#### What you will do
Look through the records below for the line with "SH30883 Lithops karasmontana". Return that line and each one after it up to and including the line with "Foto von Salix myrsinifolia Salisb.", exactly.

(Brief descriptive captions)
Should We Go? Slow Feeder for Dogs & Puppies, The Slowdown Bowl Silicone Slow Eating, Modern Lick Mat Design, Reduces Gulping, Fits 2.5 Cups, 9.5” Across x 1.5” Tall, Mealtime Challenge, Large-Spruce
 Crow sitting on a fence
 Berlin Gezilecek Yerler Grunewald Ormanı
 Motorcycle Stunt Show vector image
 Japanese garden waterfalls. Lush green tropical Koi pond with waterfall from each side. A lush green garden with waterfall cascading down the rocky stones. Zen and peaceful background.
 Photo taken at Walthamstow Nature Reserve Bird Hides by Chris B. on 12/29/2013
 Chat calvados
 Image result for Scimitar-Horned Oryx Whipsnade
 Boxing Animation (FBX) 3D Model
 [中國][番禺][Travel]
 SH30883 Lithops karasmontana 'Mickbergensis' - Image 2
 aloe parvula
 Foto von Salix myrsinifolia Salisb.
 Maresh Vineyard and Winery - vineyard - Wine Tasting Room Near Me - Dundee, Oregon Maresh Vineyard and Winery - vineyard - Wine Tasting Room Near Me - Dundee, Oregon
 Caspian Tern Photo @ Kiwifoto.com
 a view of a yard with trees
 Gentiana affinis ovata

#### Problem solution
 SH30883 Lithops karasmontana 'Mickbergensis' - Image 2
 aloe parvula
 Foto von Salix myrsinifolia Salisb.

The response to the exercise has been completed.